How321 · 01/02/2021 19:51

Hello just after a little bit of advice, my ex has decided she wants to send our kids back to school as we are both key workers.

Up until now my parents have been taking care of the kids doing all the online work and even been getting lots of praise from the school with how well they are doing, I volunteered to go on furlough, which I start today, so I could help look after the kids ( I was a stay at home parent for 6 years so am more than qualified and I looked after them the whole of the last lockdown when still with my ex).

I feel my ex wanting to send kids back coinciding with me now being off is not a coincidence we decided before both lockdowns that our kids mixing with other children unnecessarily would put them at a higher risk, but now this has all changed as she’s told me their education is more important, even thought the school is more than happy with the job my parents have been doing up till now.

My question is this, I don’t agree that it’s worth the risk of them going back to school when the government have advised all children not to go to school unless you have absolutely no choice, but our kids have a choice which would keep them safer and I feel would be in their best interest.

I literally don’t know what to do, we both have parental responsibility so I can by law just rock up to the school and take my kids but I don’t want to risk alienating the school by putting them in the middle.

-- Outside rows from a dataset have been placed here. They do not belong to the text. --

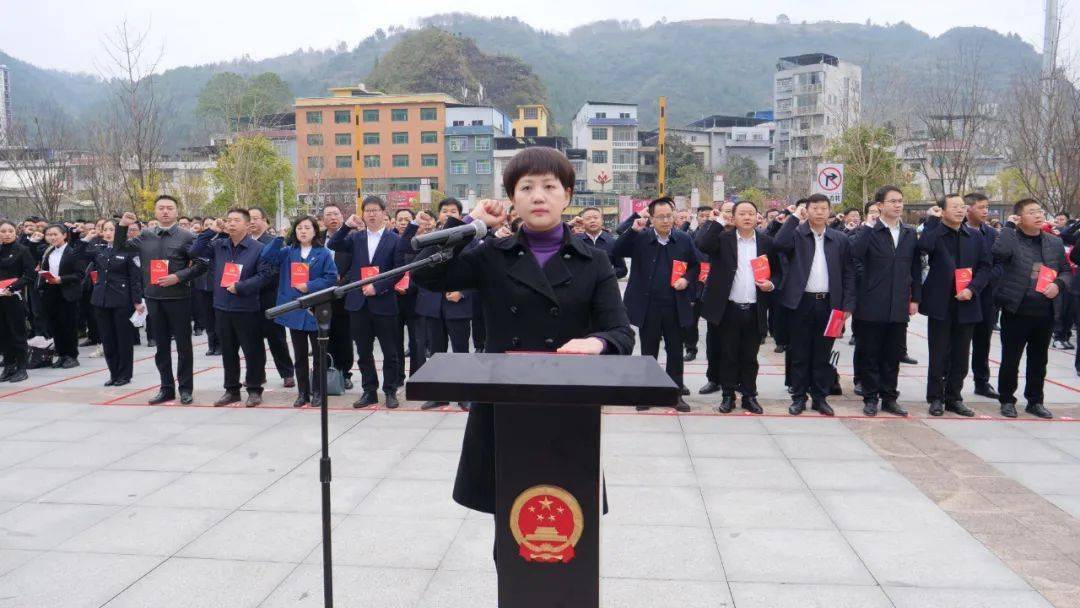 德江县举行"12·4"国家宪法日宣誓仪式暨法治文艺演出活动_敖华_人民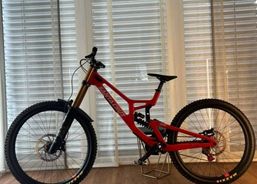 Santa Cruz V10.8 | Mountainbikes | Downhill Bikes | velomarkt.ch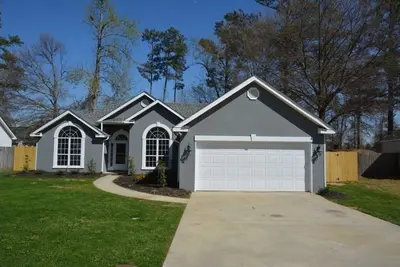 Image de Maison pratique à 10 minutes des maîtres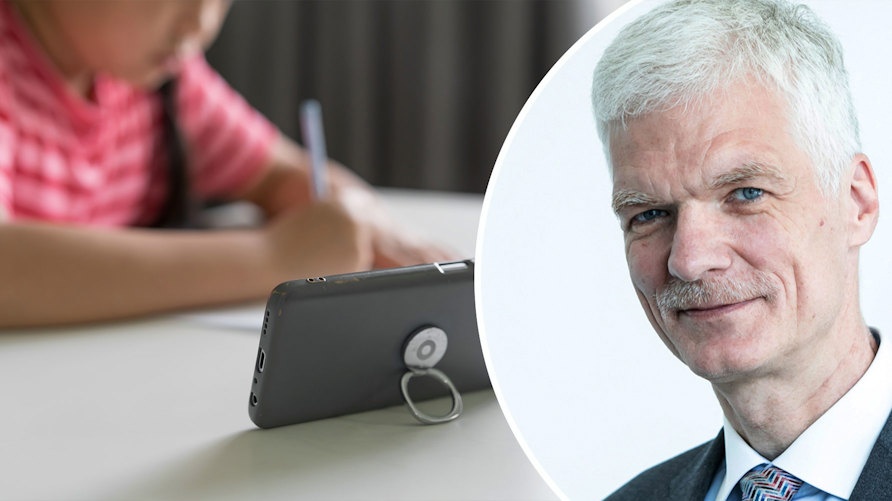Pisachefen Andreas Schleicher och multitaskande barn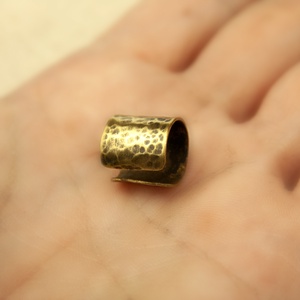 mininál - sárgaréz fülgyűrű - ékszer - fülbevaló - fülgyűrű - Meska.hu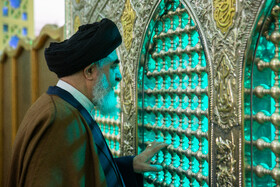 حضور حجت الاسلام سید علی اکبر اجاق نژاد تولیت مسجد مقدس جمکران در مراسم غبار روبی مضجع شریف امامزاده موسی مبرقع(ع) توسط خانواده شهدای اغتشاشات اخیر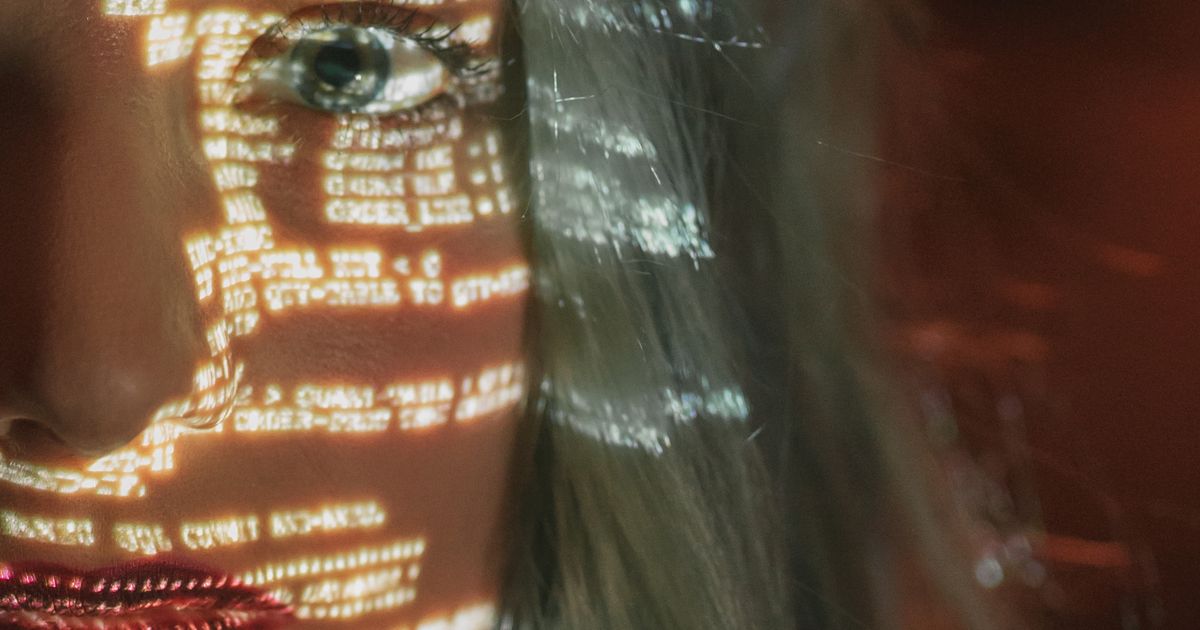 独立开发者在笔记本电脑上进行 AI 辅助编程与产品规划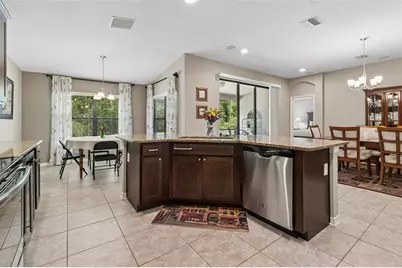 6601 Sparkling Way, Wesley Chapel, FL 33545 - Photo 15
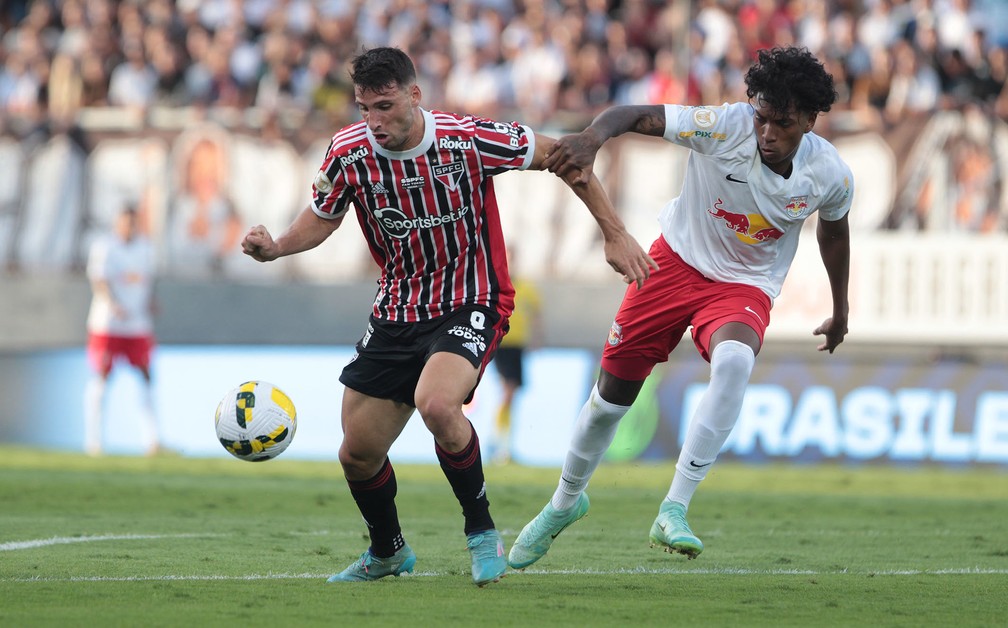 ATÉ QUANDO? Tricolor empata com o Bragantino e segue sem vencer no campeonato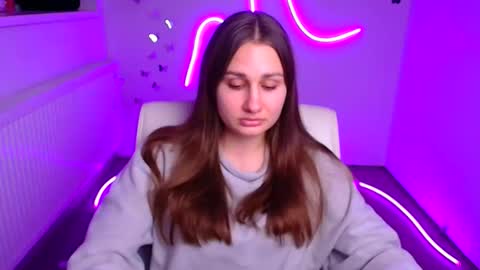 Lora online show from 11.14.25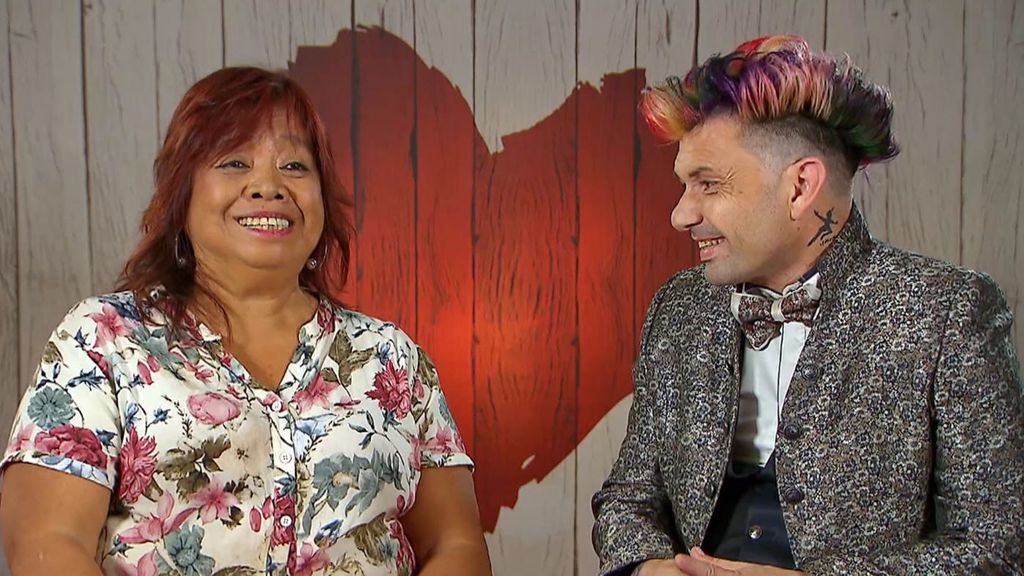 De calvo a pelazo multicolor First Dates Temporada 6 Programa 1519
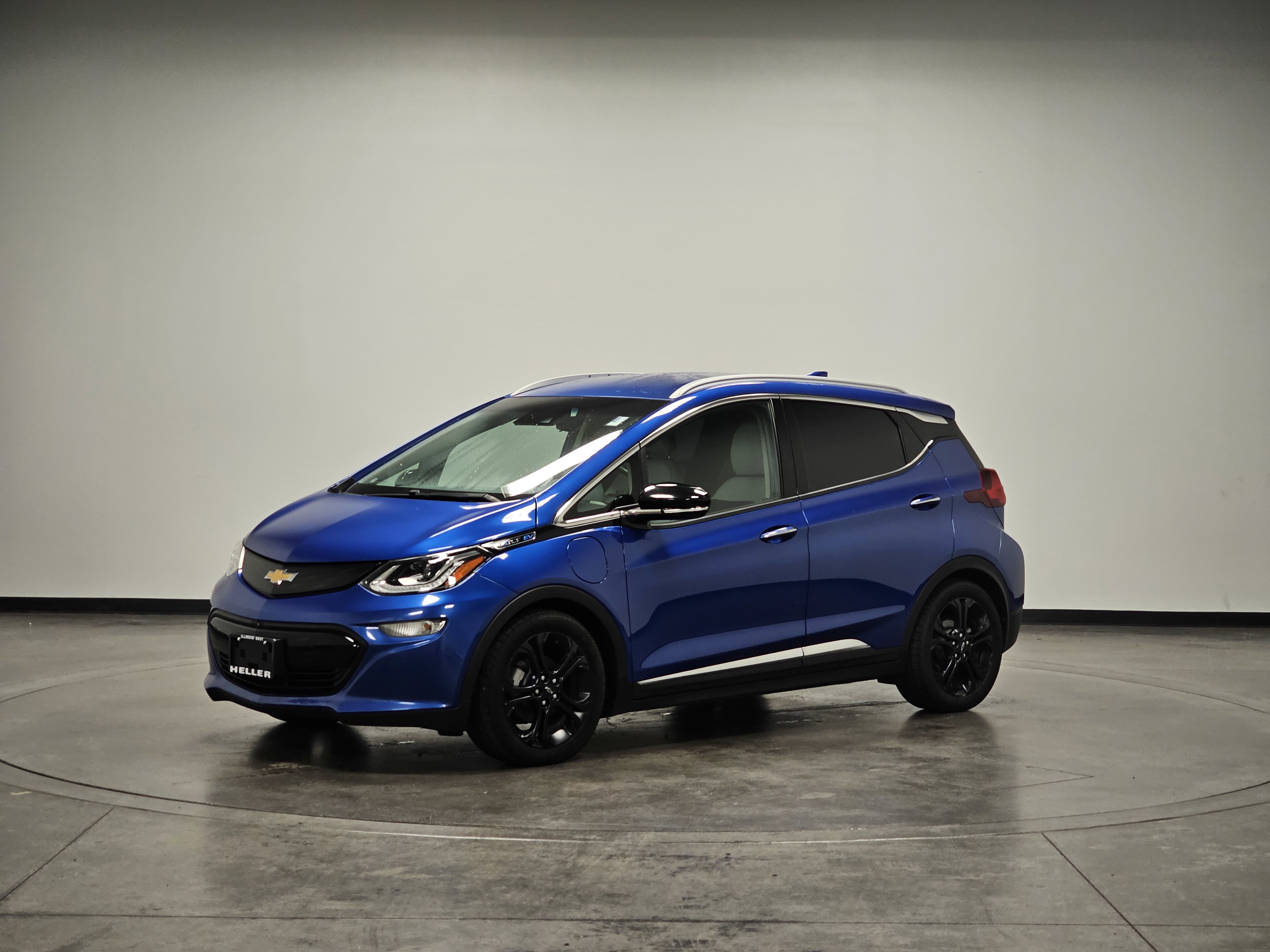 2017 Chevrolet Bolt EV Premier photo 3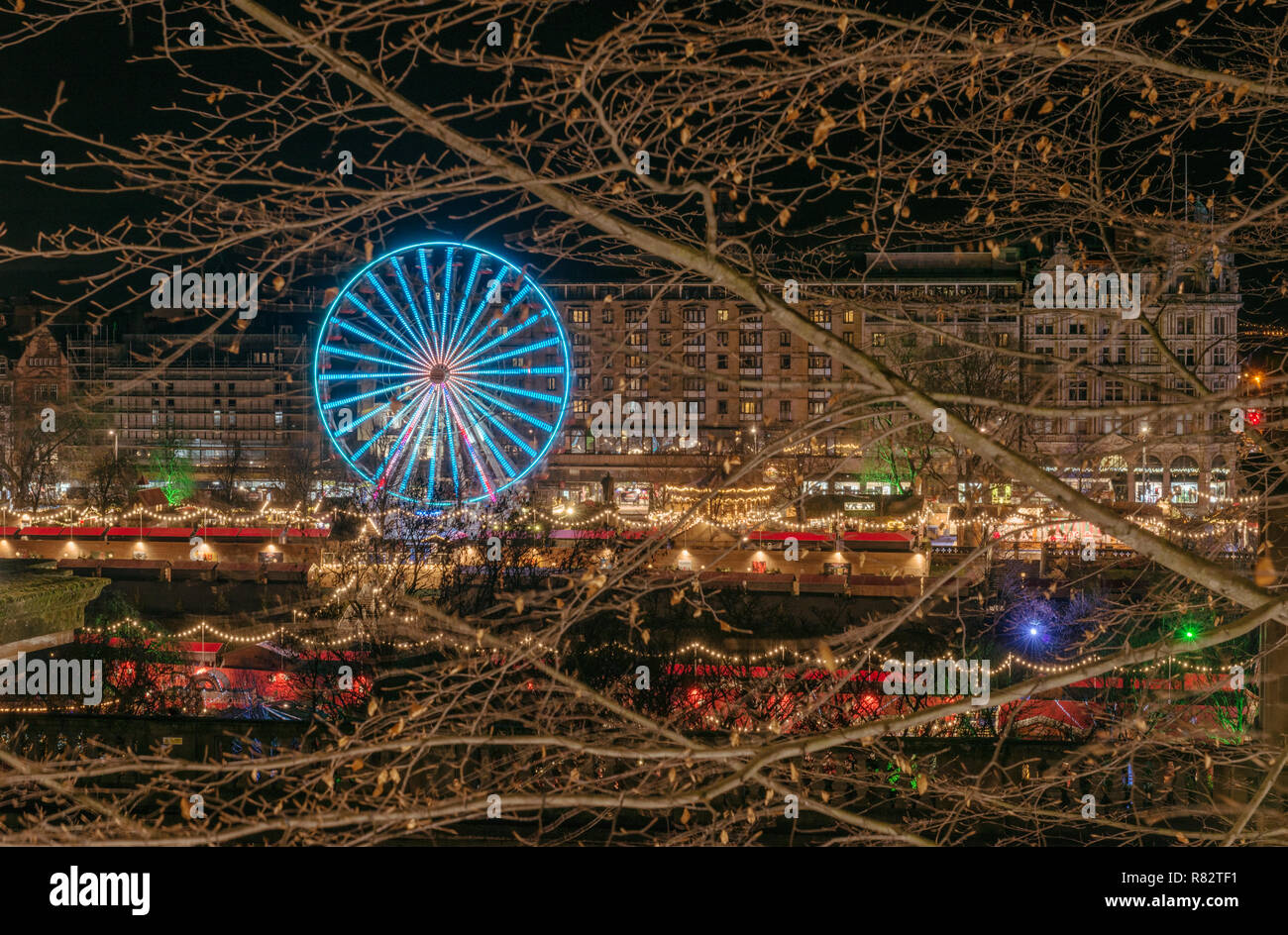 La Foire de Noël dans les jardins de Princes Street et apporte un peu de couleur festive pour le centre-ville d'Édimbourg en 2018 Banque D'Images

Any advice would be greatly appreciated

OP posts:
SummerHouse · 01/02/2021 19:59

The provision is not for education. I would say to her that I would accept it only if the school were aware that they have a furloughed parent. It's not fair on anyone else otherwise. The kids who have no option but to be at home and the kids who have no option but to be at school and the parents and the teachers. It would seem it's you she doesn't trust to deliver the schooling as it's only an issue now you are on furlough?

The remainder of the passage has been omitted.